Lambasting the ruling ANC in a volley of political invective, Malema issued a populist call for voters to abandon his former comrades and back his "Economic Freedom Fighters".
Styled as "Commander in Chief", Malema said the group "should be a radical left, anti-capitalist and anti-imperialist movement with an international outlook that should be contesting the elections."
While not explicitly launching a political party, Malema staked out a claim to lead the millions of black South Africans whose lives have not improved much since the end of white minority rule two decades ago.

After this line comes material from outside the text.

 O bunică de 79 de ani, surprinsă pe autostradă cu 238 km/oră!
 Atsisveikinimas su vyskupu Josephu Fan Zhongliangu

"Our enemy number one is white monopoly capital," he said, vowing to expropriate land and nationalise mines without any compensation.
Malema, 32, had been head of the ANC's youth league, but was expelled from the party last year for ill-discipline.
Known for his extravagant lifestyle, he now faces charges of fraud and tax evasion and has already had his home and farm seized.
Malema's path ahead is strewn not only with legal obstacles, but also political pitfalls.
Amid widespread disgruntlement with the ANC the number of political parties hoping to take up their mantle has mushroomed.
In June, respected academic and anti-apartheid stalwart Mamphela Ramphele launched a new party hoping to steal the ANC's thunder.
The one-time partner of late black consciousness founder Steve Biko, Ramphele has been an outspoken critic of the government on a wide range of issues from education to corruption to health.
The opposition Democratic Alliance, long seen as a white-dominated party, has been stressing its anti-apartheid credentials in a bid to extend its rule of the Western Cape -- which includes Cape Town -- to other regions.
And former members of the ANC continue to make up the bulk of the Congress of the People (COPE), a party which won 30 seats at the 2009 elections.